**RECORDS TO PROCESS**
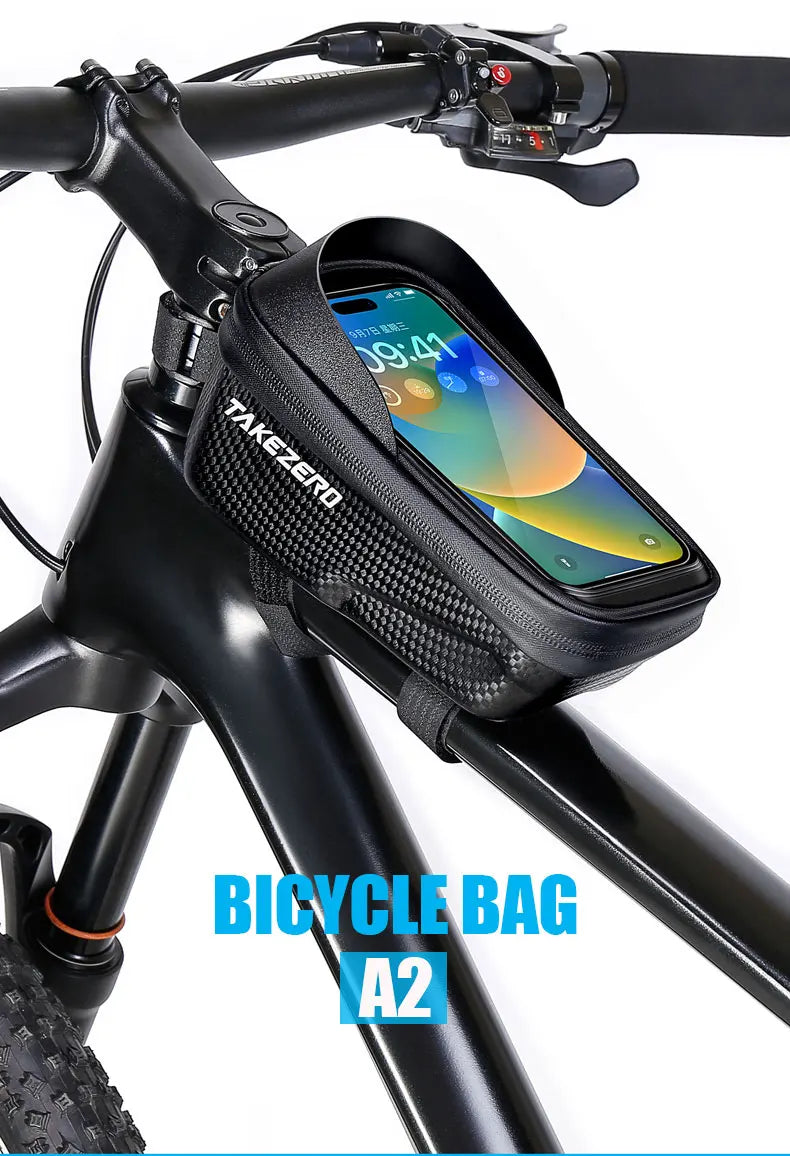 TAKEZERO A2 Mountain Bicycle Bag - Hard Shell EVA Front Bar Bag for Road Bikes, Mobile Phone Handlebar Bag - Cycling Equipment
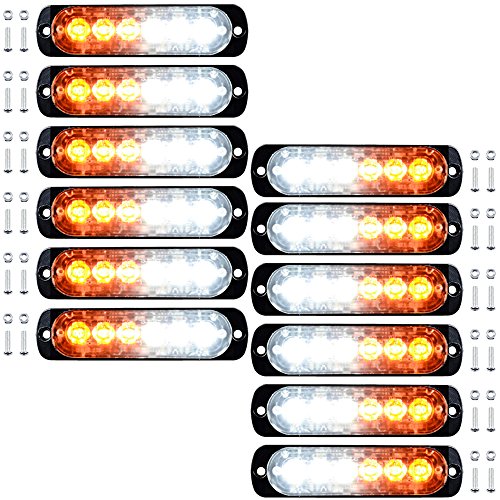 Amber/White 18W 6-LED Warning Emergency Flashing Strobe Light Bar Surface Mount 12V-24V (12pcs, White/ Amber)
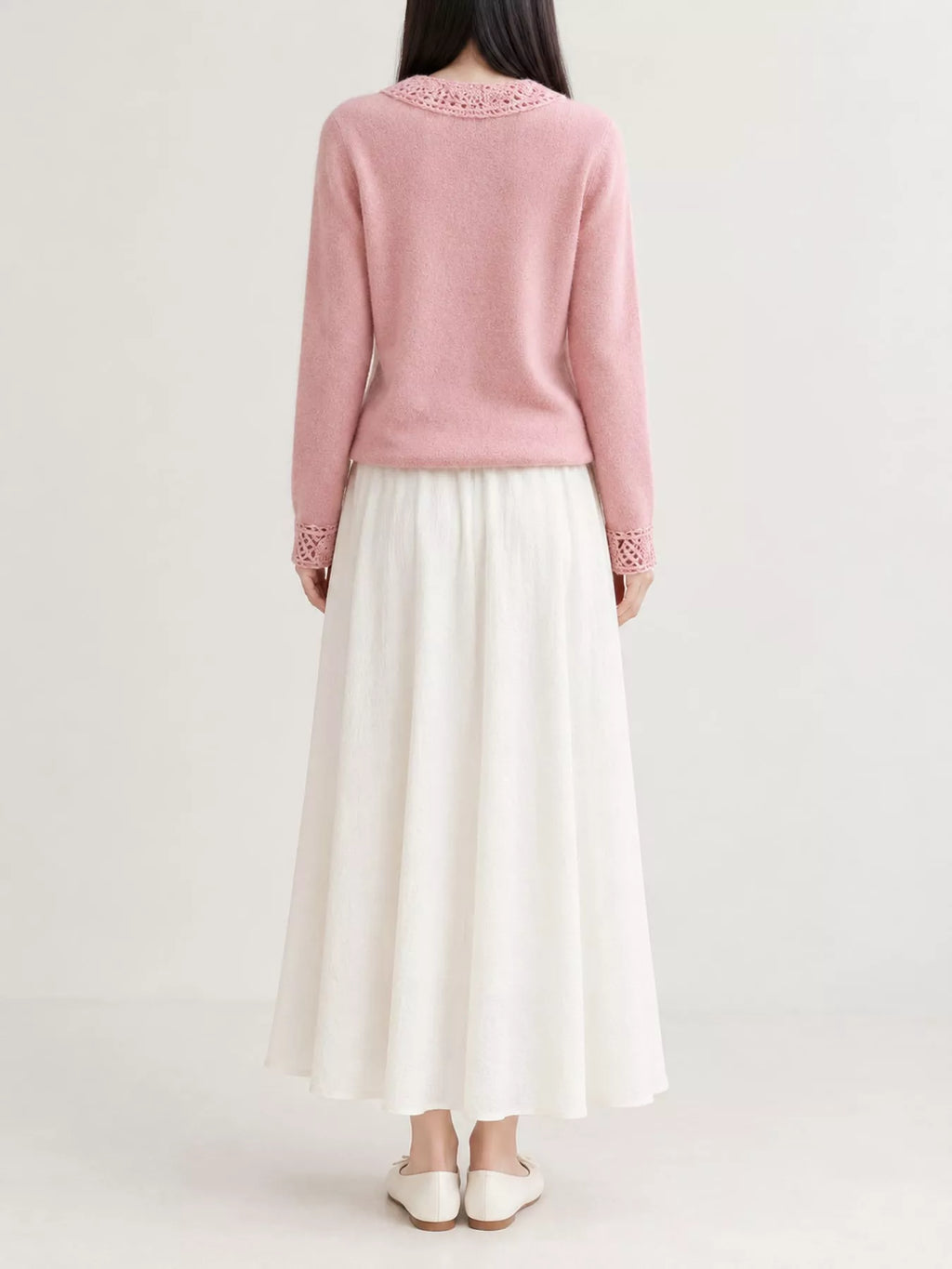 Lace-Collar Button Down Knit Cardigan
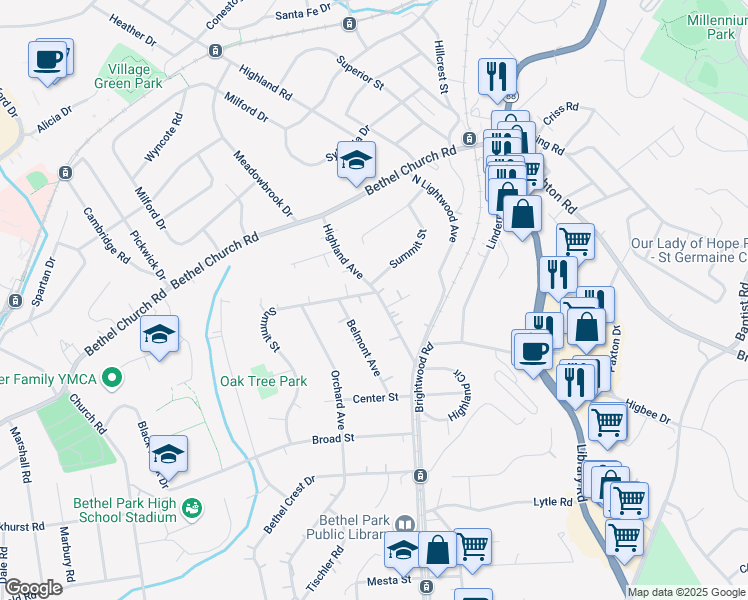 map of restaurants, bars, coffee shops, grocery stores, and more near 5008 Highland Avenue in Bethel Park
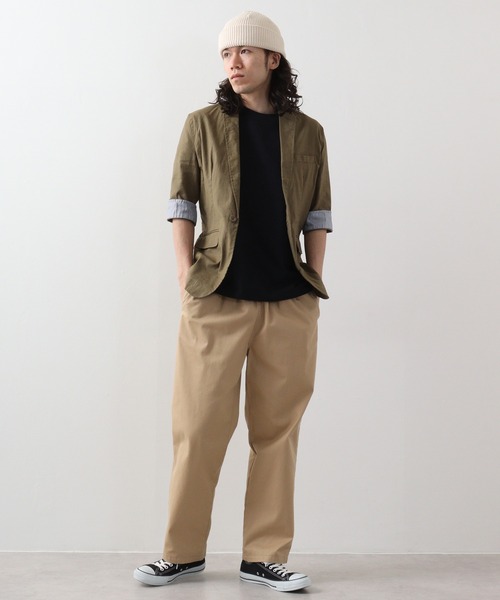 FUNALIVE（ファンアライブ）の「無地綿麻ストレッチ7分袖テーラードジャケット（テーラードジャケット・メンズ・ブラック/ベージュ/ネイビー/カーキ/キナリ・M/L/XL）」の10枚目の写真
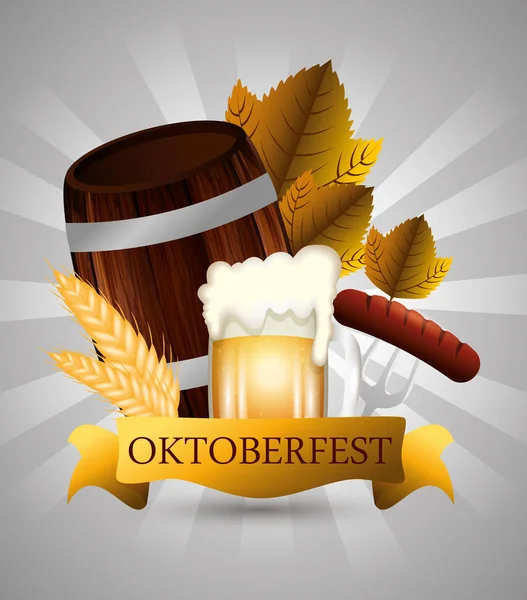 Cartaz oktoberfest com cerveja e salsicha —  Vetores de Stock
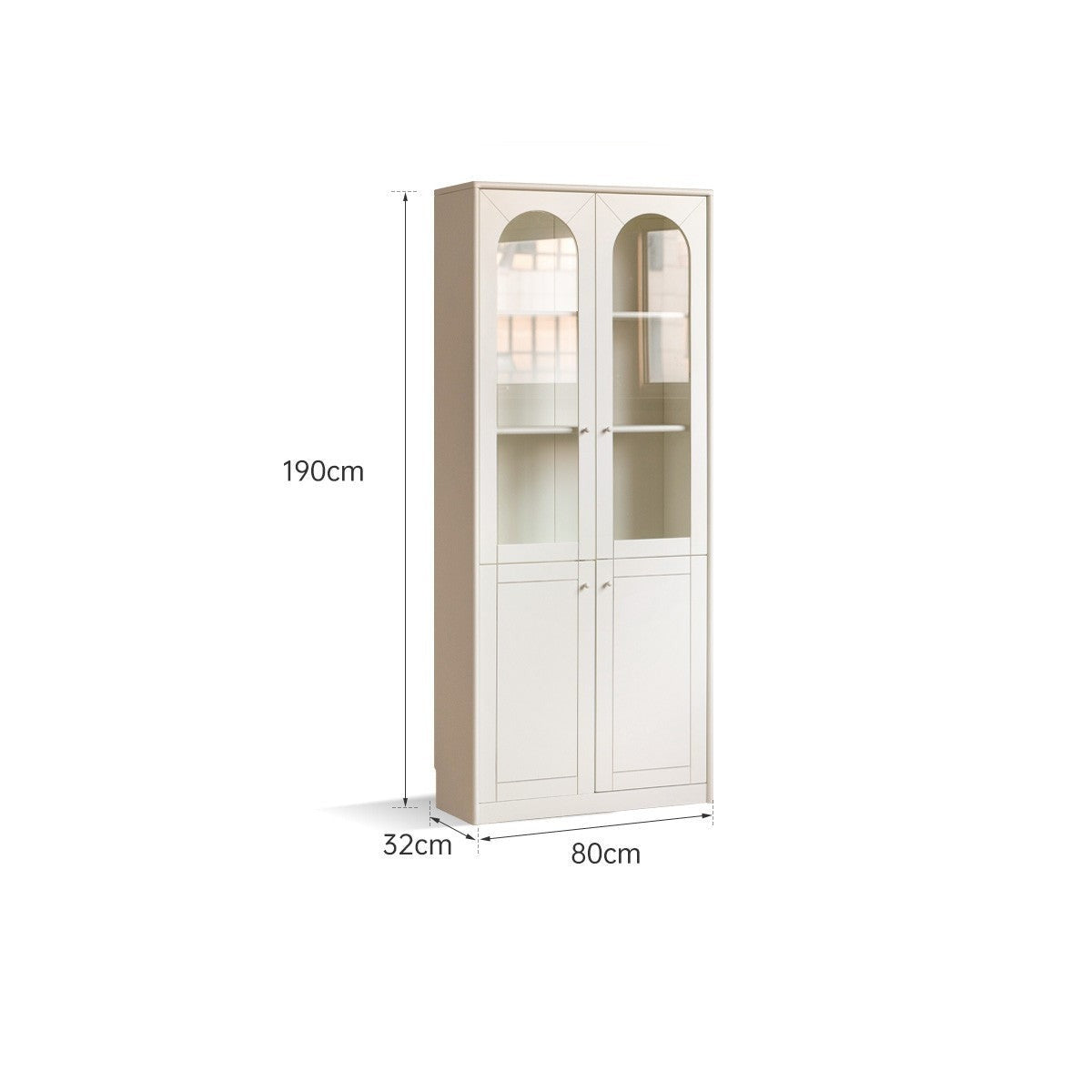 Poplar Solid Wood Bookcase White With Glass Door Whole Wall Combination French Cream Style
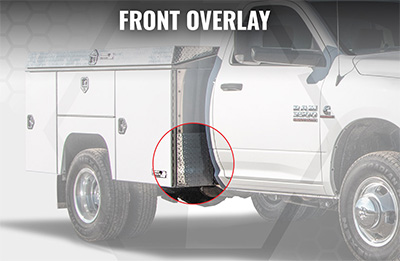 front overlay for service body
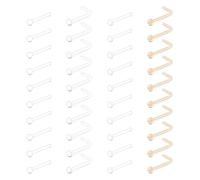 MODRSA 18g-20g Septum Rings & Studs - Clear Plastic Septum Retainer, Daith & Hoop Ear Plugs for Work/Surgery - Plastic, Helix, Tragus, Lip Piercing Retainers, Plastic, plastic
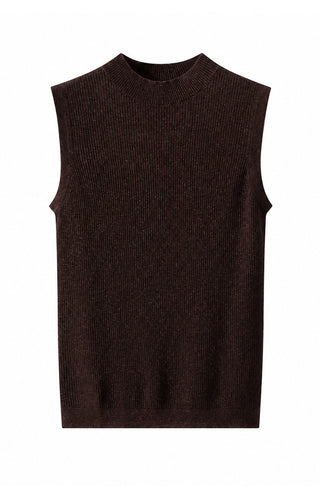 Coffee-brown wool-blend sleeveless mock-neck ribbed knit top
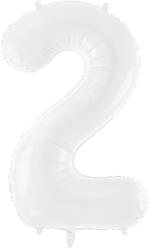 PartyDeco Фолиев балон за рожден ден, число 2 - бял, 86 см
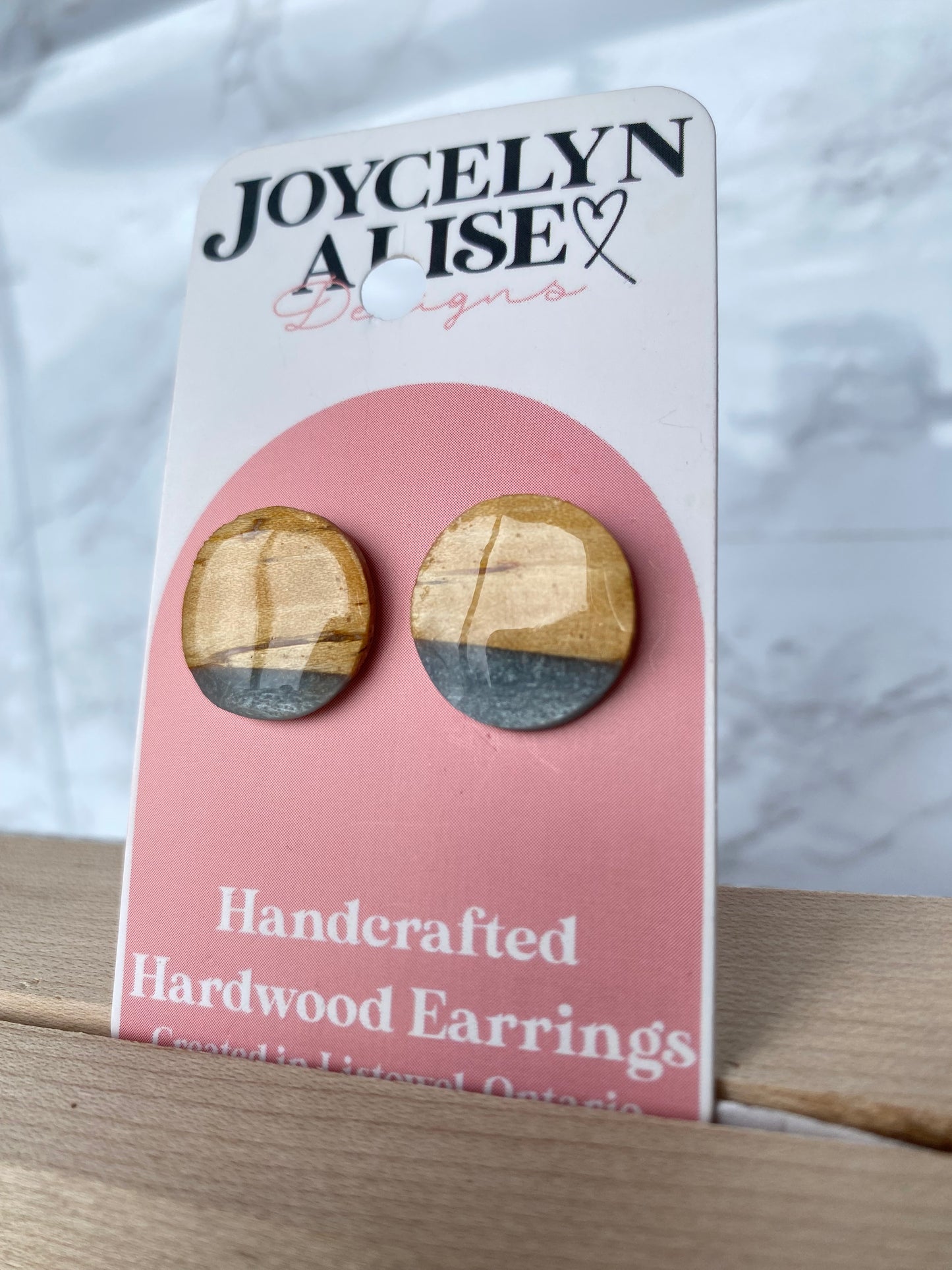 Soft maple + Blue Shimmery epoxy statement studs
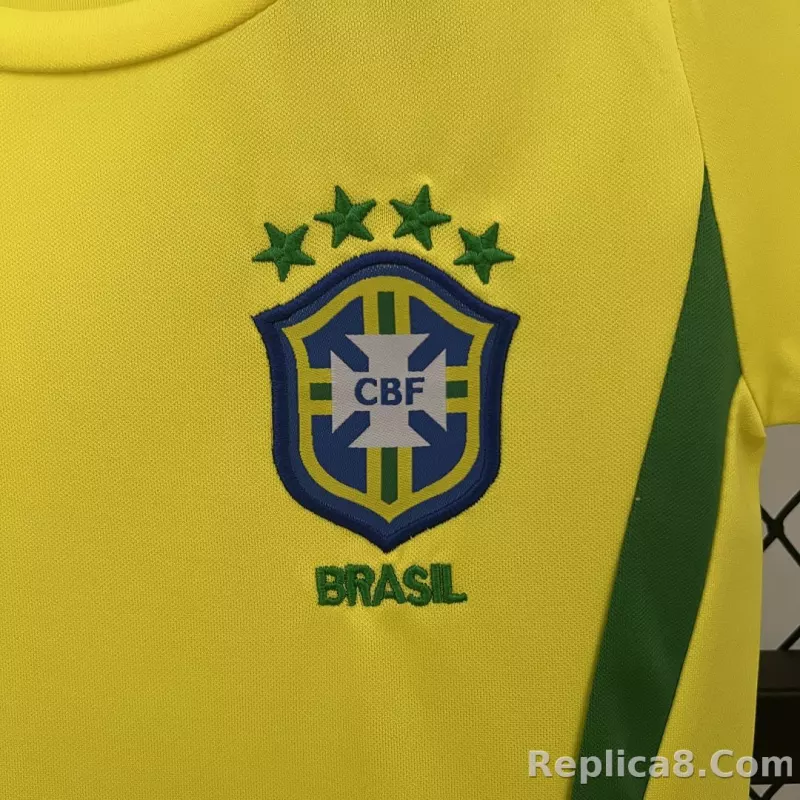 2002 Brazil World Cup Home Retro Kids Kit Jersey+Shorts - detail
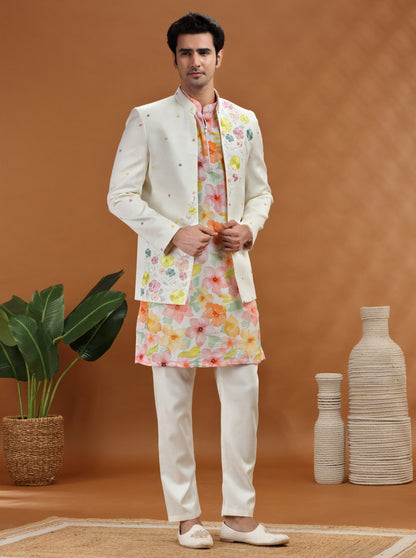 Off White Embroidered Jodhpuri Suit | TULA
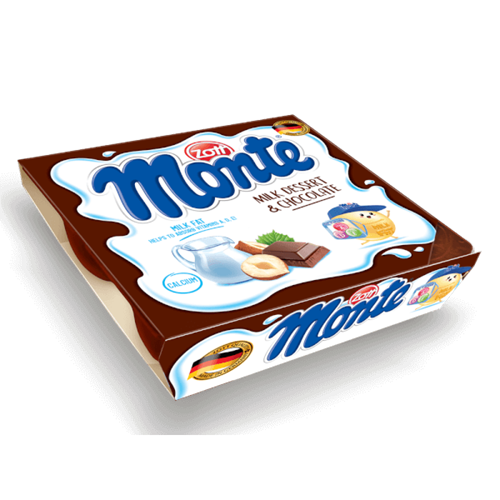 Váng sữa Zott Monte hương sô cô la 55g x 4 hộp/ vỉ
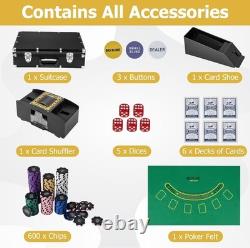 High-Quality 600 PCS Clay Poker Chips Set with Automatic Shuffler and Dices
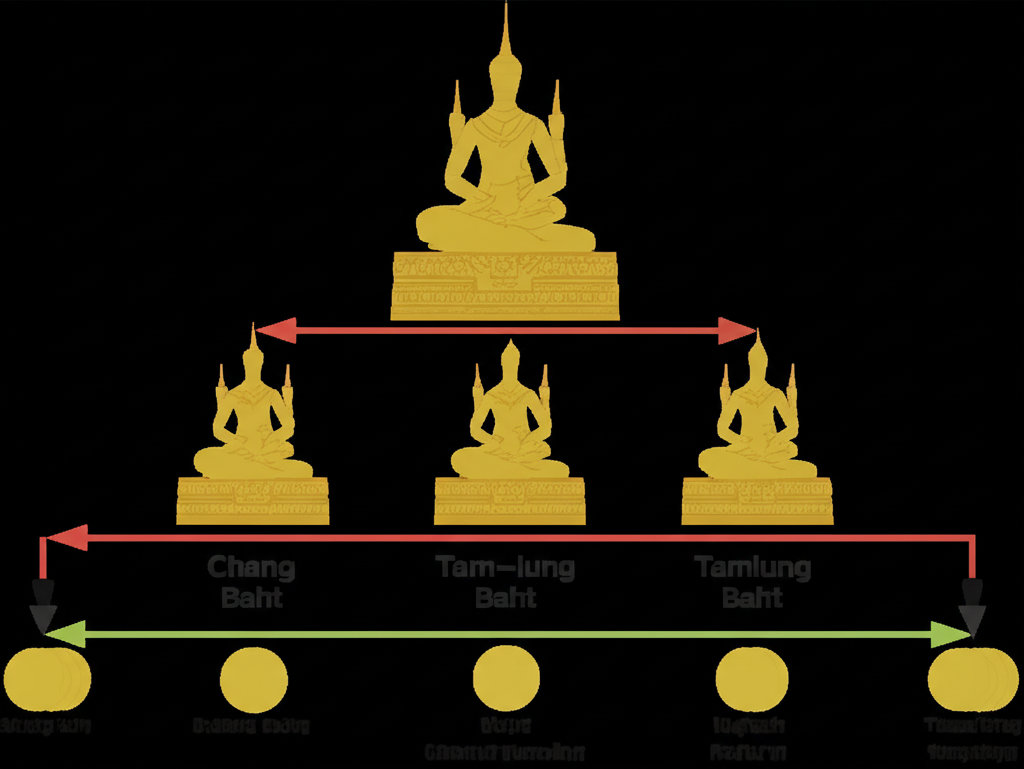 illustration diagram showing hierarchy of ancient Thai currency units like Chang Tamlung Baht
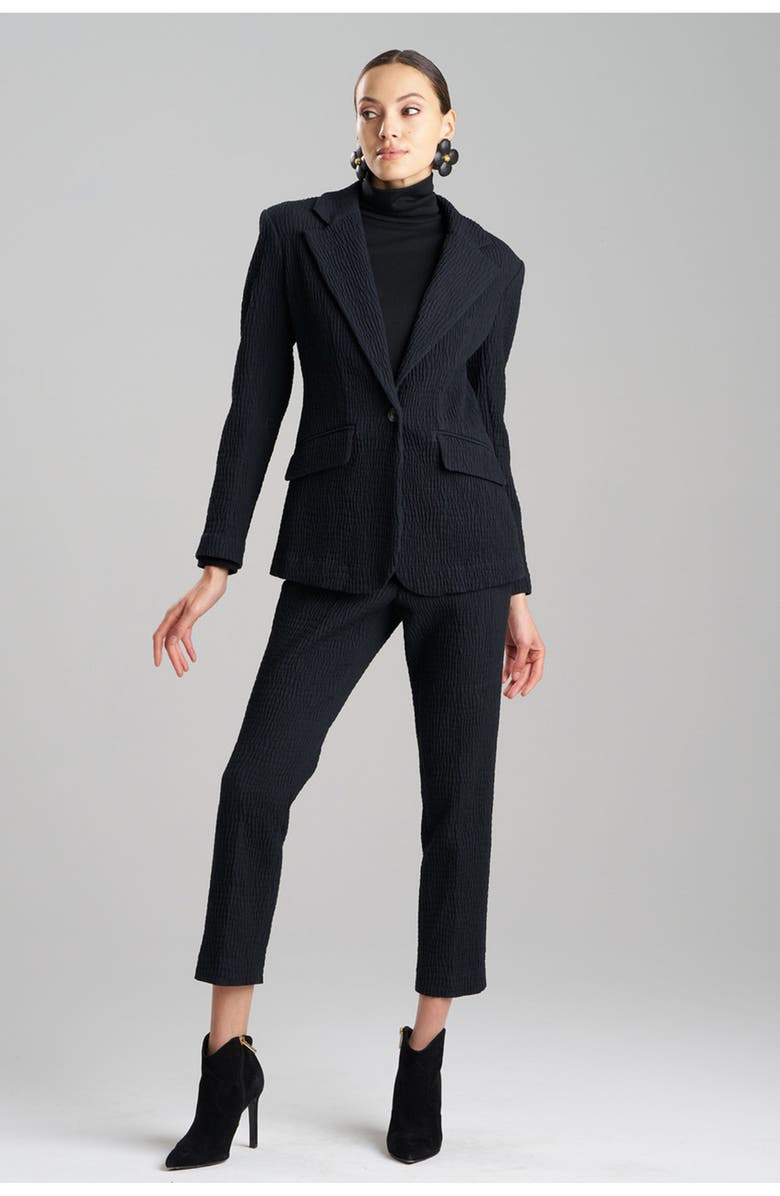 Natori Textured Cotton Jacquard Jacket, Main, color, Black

**PROBLEM STATEMENT**
The reply should hold the entries above from the line with "Soft maple +" to the line with "High-Quality 600 PCS", duplicated exactly, pictures excluded.

**RESULT BELOW**
 Soft maple + Blue Shimmery epoxy statement studs
 2002 Brazil World Cup Home Retro Kids Kit Jersey+Shorts - detail
 Off White Embroidered Jodhpuri Suit | TULA
 Váng sữa Zott Monte hương sô cô la 55g x 4 hộp/ vỉ
 High-Quality 600 PCS Clay Poker Chips Set with Automatic Shuffler and Dices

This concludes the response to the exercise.